The conversation would have continued in this manner had I not faked the need to pee and run off to the bathroom to hide for the first fifteen minutes of their visit. Yet, when I came back into the room, things kind of went back and forth between what I just described and them totally ignoring me. I preferred the latter in this circumstance.

So, what do I do? What is the polite thing to do? Should I nicely and casually try to correct them? Or should I let it go, because I know they’re not out in the Deaf community and I’m the only deafie they know?

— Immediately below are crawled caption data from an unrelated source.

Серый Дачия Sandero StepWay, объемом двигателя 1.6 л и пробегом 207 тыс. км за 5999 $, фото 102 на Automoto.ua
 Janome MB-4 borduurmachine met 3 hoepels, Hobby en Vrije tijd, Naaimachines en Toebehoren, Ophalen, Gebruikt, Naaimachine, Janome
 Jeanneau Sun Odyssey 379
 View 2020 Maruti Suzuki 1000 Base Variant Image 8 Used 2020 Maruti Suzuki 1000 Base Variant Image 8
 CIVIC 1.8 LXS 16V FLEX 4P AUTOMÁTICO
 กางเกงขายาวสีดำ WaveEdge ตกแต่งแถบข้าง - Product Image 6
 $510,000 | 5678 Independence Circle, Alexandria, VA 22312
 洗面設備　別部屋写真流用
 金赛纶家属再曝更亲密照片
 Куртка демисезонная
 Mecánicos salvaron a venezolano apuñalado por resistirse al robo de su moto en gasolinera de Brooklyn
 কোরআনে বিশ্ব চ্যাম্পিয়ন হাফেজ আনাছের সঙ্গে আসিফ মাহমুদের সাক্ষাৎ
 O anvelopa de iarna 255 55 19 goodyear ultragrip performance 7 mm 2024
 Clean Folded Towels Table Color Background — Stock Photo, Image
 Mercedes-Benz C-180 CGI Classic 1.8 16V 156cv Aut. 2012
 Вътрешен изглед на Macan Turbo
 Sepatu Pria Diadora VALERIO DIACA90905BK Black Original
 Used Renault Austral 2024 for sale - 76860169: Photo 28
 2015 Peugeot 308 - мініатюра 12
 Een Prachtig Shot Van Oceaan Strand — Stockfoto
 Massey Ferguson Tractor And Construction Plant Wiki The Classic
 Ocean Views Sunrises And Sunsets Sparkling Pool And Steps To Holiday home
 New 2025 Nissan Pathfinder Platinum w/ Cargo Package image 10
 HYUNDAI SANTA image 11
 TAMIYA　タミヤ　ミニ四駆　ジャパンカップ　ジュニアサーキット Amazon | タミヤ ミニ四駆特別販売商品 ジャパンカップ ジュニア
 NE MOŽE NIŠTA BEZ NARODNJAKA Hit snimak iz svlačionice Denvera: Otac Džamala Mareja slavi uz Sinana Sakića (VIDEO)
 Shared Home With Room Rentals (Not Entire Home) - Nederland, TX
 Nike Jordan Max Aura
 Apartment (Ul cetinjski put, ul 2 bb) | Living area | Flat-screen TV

At first, I tried for the first option. I repeated what they said, only in question form and with the correct signs. I thought they would appreciate it. I mean, I was, after all, their former teacher. But I suppose “former” is the key word there. They didn’t take well to the correcting. A slight scoff and a stare off to the side of the room were pretty “telling.” It was saying, “Hey! We don’t have to sign to you AT ALL. Take what we’re giving you. We’re not here for a sign language lesson!”

Good point.

And so the question pops up…when faced with a person you know fairly well, and who has asked for signing help from you in the past, is it proper to correct them or just let it slide (unless they directly ask)?

My sister told me at my Grandma’s funeral that she was Satan. She meant that she was paranoid, but got the handshape WAY wrong. At the same funeral, my mother told me not to cry because “GRANDMA is WITH QUEEN.” She meant that she was with the Lord, but Queen came out and, just to be honest, it was just what I needed to kick the crying I was doing. Here I am at a funeral surrounded by Satan and the fact that my newly deceased grandmother has gone to England to practice waving and riding around in a carriage. Not a bad scene, Grandma.

In those instances, I did correct them….after I stopped laughing. But I did it jokingly and with love. Were they made to feel embarrassed? I hope not. I don’t think so. Who knows? But, in that instance, too, I had to weigh the benefit of correcting them with the idea of whether it would be beneficial or just me being superficial.

I want it known that I DO appreciate people who have a basic knowledge of sign language trying their best to include me in the conversation. I’m not mocking that and saying it shouldn’t happen. But when the mistake is made over and over, when does the point come where I should stop them and show them the right way? And, after I do that, what should happen if they continue to sign it wrong anyway?

The way I see it is, I’ll show them the correct sign simply by signing it myself in a sentence. If, after that, they continue to do it wrong, I’ll just chalk it up to their decision not to learn. And, if in doing that, it makes days like today go “awry,” well then, so be it. I guess it doesn’t matter anyway. Ninety minutes into the BBQ I was hiding in my room with my laptop. Live and let live I say. But sign and let sign? Eh…that depends.